● **What the exercise asks**
Find how many lines of the following entries contain "Dental". Reply with the number alone.

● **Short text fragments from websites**

■ ■ ■ ■ ■

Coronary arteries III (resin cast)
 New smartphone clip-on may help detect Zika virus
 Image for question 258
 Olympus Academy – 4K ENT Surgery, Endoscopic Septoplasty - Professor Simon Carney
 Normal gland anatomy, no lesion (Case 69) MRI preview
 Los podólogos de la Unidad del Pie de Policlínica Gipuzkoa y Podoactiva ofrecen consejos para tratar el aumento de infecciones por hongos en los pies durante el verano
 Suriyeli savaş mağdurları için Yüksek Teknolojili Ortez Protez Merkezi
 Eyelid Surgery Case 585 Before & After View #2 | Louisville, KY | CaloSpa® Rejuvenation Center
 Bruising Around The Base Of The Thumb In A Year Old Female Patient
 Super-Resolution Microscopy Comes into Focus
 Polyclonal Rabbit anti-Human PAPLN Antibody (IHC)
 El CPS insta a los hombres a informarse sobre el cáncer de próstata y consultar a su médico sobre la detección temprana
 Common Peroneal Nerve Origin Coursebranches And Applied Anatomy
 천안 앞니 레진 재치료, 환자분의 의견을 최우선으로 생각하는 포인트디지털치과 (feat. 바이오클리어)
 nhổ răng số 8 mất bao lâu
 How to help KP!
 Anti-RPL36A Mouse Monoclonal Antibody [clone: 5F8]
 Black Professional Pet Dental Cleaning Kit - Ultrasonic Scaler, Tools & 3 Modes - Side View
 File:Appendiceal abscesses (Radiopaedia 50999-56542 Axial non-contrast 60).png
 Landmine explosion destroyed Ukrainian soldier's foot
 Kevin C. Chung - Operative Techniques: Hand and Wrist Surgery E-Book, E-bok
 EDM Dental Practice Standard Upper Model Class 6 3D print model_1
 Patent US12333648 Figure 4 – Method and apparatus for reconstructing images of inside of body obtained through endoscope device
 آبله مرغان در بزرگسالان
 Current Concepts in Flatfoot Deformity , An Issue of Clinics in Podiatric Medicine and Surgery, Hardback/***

■ ■ ■ ■ ■

● **Response below**
2